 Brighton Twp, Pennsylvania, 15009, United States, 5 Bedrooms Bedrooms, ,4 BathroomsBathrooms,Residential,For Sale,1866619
==
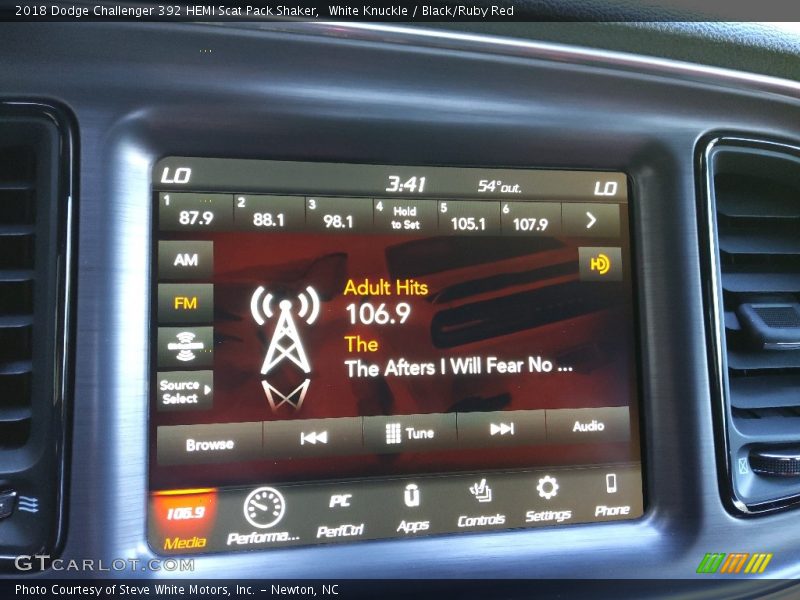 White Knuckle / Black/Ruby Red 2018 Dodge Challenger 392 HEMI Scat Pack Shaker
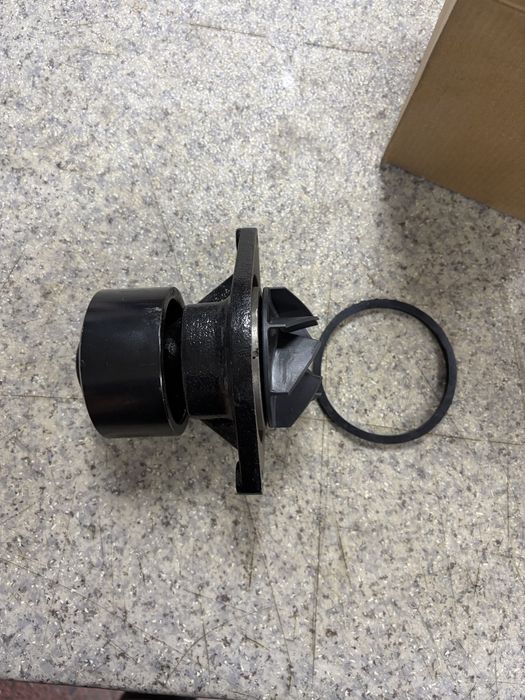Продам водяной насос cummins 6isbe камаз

### [WHAT IS NEEDED]
Above are the records; copy from them only the lines starting at the one containing "White Knuckle /" and ending at the one containing "Продам водяной насос cummins 6isbe камаз", exactly and without pictures.

### [REPLY TO THE EXERCISE]
 White Knuckle / Black/Ruby Red 2018 Dodge Challenger 392 HEMI Scat Pack Shaker
Продам водяной насос cummins 6isbe камаз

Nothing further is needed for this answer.